I’ll be honest with saying I haven’t been one for pure rock concerts. I’ve seen pop stars, boy bands, and emo rockers; but on the night of 1st July, I believe I finally reached the rite of passage that is attending a purely rock concert. And that concert was Green Day.
The show was the most different experience I ever had with a concert, in both the acts and the crowds. As part of the Barclaycard British Summer Time festival, it was a beautiful outdoor experience where the whole crowd were together. Singing and dancing, screaming and jumping, and I felt like these were my kind of people.
Green Day stormed onto the stage, powered up from the opening play of Queen’s “Bohemian Rhapsody” (every single person knew this song, no one missed a word, it was gorgeous) with the hit “Know Your Enemy”. That’s how you knew the night was beginning right!
The band gave their all and more that night; even bringing on some special audience members to help them out! Special shout-out to the sweet girl who was brought on to sing the final verse of “Longview” and owned that whole stage. You’ve done proud when you’ve impressed Billie Joe Armstrong. The thousands of us in the crowd were so proud of you!

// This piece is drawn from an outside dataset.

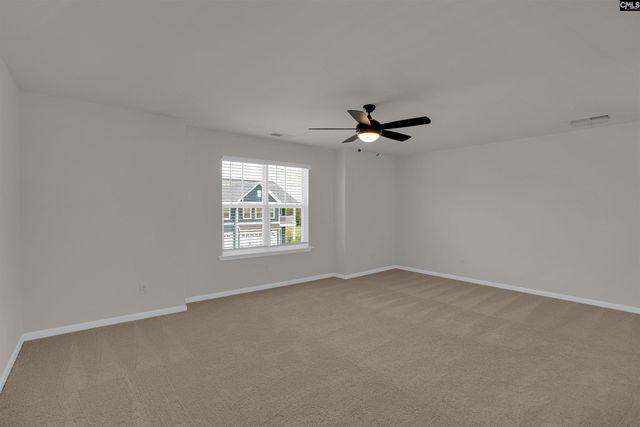924 Windchase Way, Blythewood, SC 29016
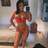 Yasmin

Let’s set the music aside for a minute and think about the messages that were being broadcasted by Armstrong during the show. I have heard slight criticism of how he was deciding to talk and talk and chant and chant, but personally, it was inspiring. It’s a Green Day concert – we all knew it was going to get political and serious at moments, but Armstrong knew what he was talking about. He can talk all he wants because he is spreading a message of love, equality, and freedom.
“No racism, no sexism, no homophobia, no Donald Trump.” Agreed.
Back to the tunes, though. The mix of old-school tracks such as “When I Come Around”, “Basket Case” and “Welcome To Paradise” with the newer track’s from 2016’s Revolution Radio, such as “Bang Bang” and “Ordinary World”, proves that there is always something for a Green Day fan who have been there since the early days or the fans who may have only heard about them a few years back. Proof of this is me, 18 years old with most of Revolution Radio memorised, attending the show with my brother, who is 28 and has possibly listened to American Idiot about 4000 times. This band knows what they are doing, and they have been doing it for 30 great years!
My personal favourites from the night? Well, since “all of them” may be a bit cliché – despite being the full-on absolute truth – I’ll try and narrow it down.
My ultimates would include their performances of “Holiday” (brought back memories of GCSE Music) and “Minority”, which are personal favourites of mine. I would also give some love to “King for a Day”, because it was a little different to the rest of the show – I mean, it’s Green Day and there was an epic “Careless Whisper” sax solo. I questioned for a moment, “is this… really a Green Day gig?” But it was awesome and I laughed along with it.
It was the encores that completed the whole night (literally). That gap between “Forever Now” and the start of the encore, “American Idiot”, was intense and it made that song even stronger. It’s not Green Day without “American Idiot”, and no matter your age, you’ll have to agree there.
The second encore was what wrecked my heart at the beauty of it all. I have a soft spot for “Ordinary World”, it is one of my most favourites from Revolution Radio, and when it played it hit hard. I was expecting but not expecting it. It was soft, beautiful, and everything I needed. The complete closer of “Good Riddance” was how I knew the show was over. It is a ‘goodbye’ from everyone on stage – at least until next time – and even though I never wanted to leave, it felt right to.
Would I see Green Day again? Well, why not? It was an experience to remember, and one I want to experience again. And again. And again!